LISTED ENTRIES:
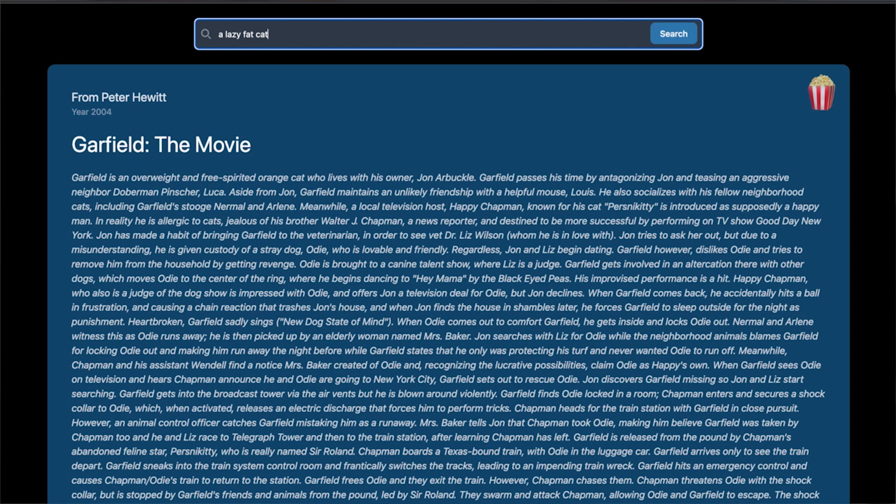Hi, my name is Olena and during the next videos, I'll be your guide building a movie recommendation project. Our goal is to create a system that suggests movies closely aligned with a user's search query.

==

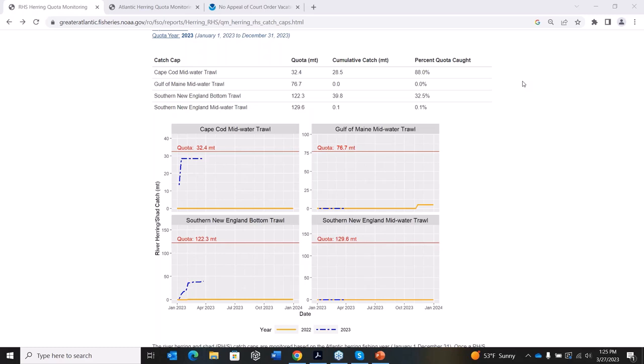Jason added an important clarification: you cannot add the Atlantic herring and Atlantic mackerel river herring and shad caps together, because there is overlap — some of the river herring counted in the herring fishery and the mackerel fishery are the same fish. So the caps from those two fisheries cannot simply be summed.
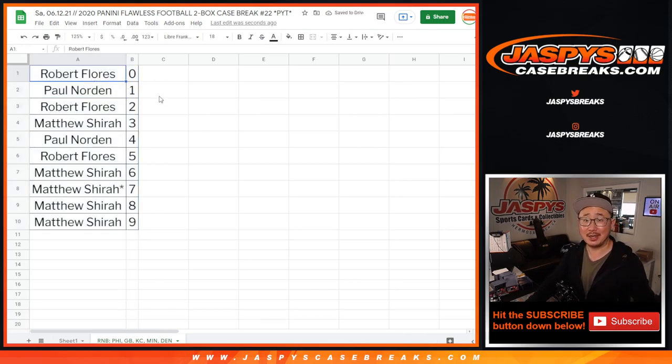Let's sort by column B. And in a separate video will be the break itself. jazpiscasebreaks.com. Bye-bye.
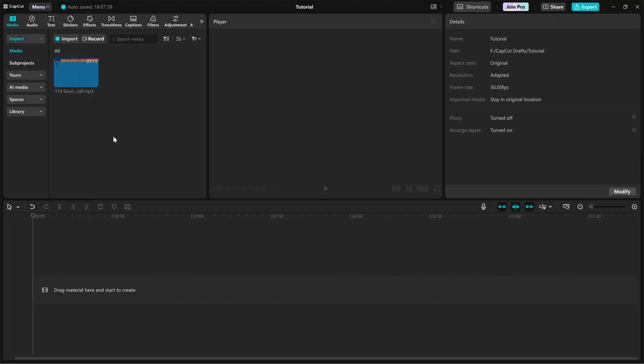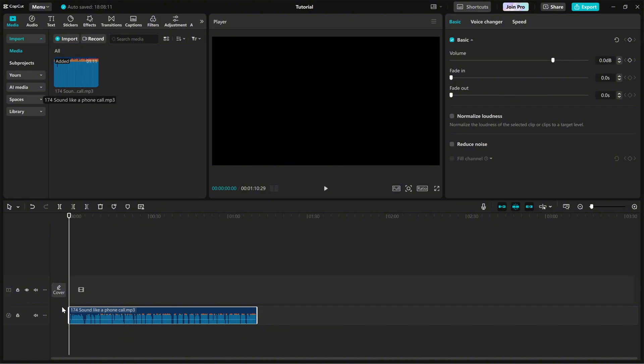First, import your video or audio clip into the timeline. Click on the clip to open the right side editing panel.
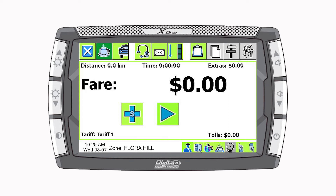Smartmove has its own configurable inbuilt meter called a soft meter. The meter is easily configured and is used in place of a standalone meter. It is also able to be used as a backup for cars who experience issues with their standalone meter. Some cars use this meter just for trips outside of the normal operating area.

EXERCISE REQUIREMENTS: In the records above, find the line with "Let's sort by" and the line with "First, import your"; please transcribe exactly those two lines and all lines between them, omitting any picture.

TASK ANSWER:
Let's sort by column B. And in a separate video will be the break itself. jazpiscasebreaks.com. Bye-bye.
First, import your video or audio clip into the timeline. Click on the clip to open the right side editing panel.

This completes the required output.